- **Exercise goal**: Below are records with pictures in them. Output exactly the lines from the one with "SALERM - Smoothing" through the one with "Corduroy 4-Seat Sofa", both included, and leave every picture out; give only those lines.

- **Provided records**:
>>>>>

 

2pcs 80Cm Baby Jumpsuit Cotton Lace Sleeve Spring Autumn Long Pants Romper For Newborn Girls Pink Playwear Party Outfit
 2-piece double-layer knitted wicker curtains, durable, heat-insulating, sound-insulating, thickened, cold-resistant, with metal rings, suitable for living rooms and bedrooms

<<<<<
>>>>>

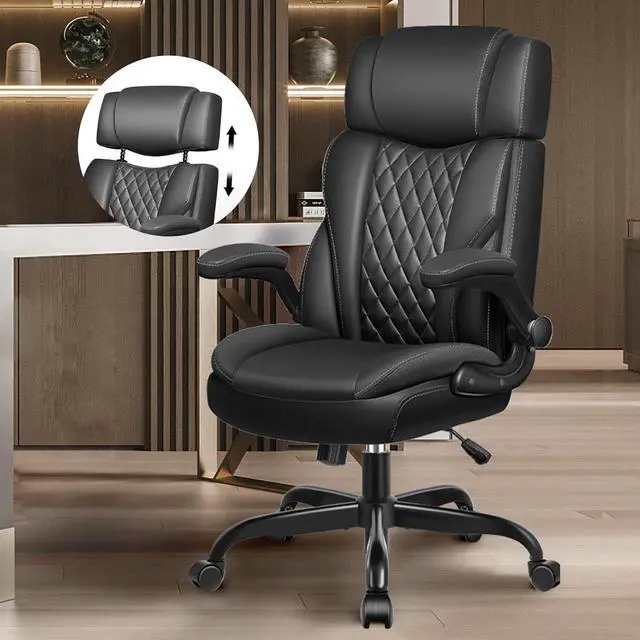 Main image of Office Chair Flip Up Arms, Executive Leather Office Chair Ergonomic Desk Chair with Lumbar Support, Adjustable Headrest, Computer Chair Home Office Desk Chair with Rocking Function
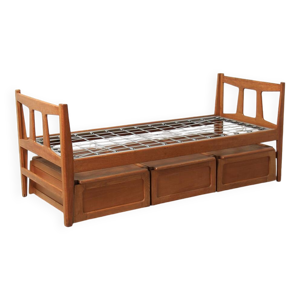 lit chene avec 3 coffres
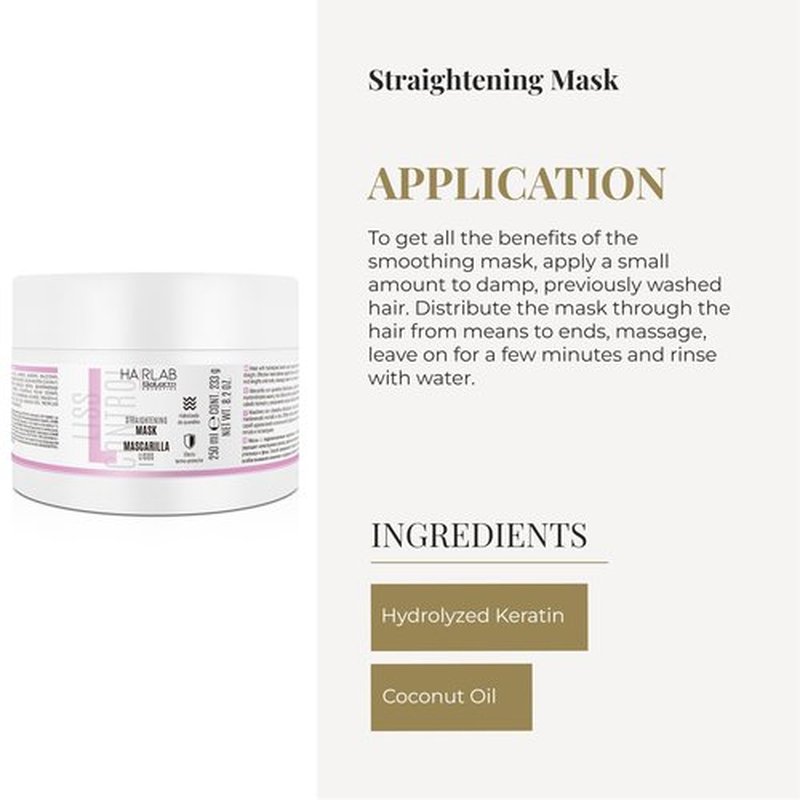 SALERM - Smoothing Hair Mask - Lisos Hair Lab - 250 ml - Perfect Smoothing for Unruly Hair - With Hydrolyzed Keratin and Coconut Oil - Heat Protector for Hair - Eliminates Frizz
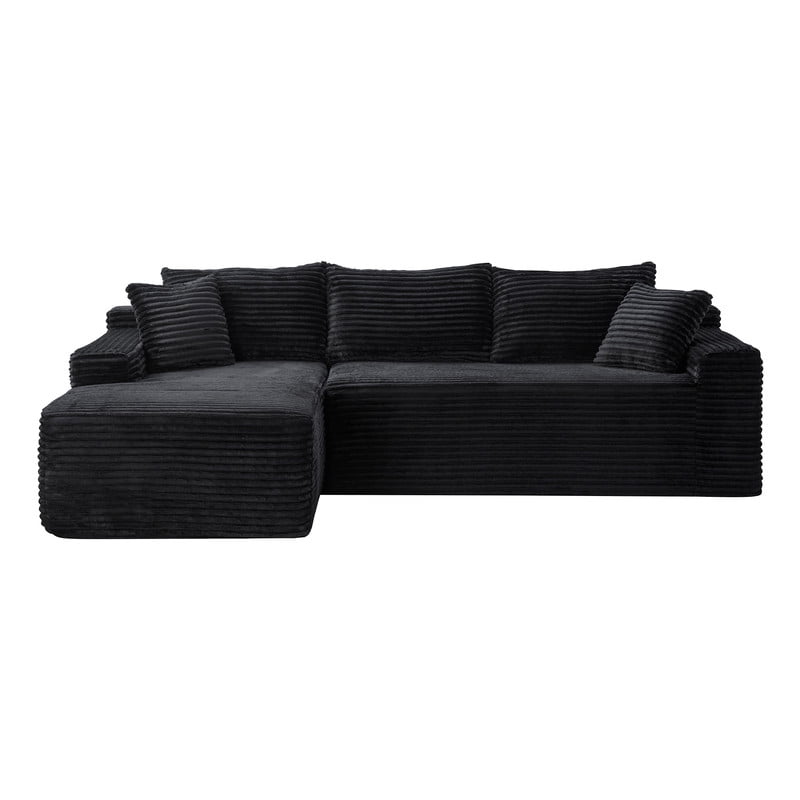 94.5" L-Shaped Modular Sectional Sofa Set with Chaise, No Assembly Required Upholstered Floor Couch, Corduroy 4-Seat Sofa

<<<<<
>>>>>

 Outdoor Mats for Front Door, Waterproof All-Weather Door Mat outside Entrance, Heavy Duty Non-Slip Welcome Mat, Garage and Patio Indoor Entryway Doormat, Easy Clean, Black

<<<<<

- **Solution to this task**:
 SALERM - Smoothing Hair Mask - Lisos Hair Lab - 250 ml - Perfect Smoothing for Unruly Hair - With Hydrolyzed Keratin and Coconut Oil - Heat Protector for Hair - Eliminates Frizz
 94.5" L-Shaped Modular Sectional Sofa Set with Chaise, No Assembly Required Upholstered Floor Couch, Corduroy 4-Seat Sofa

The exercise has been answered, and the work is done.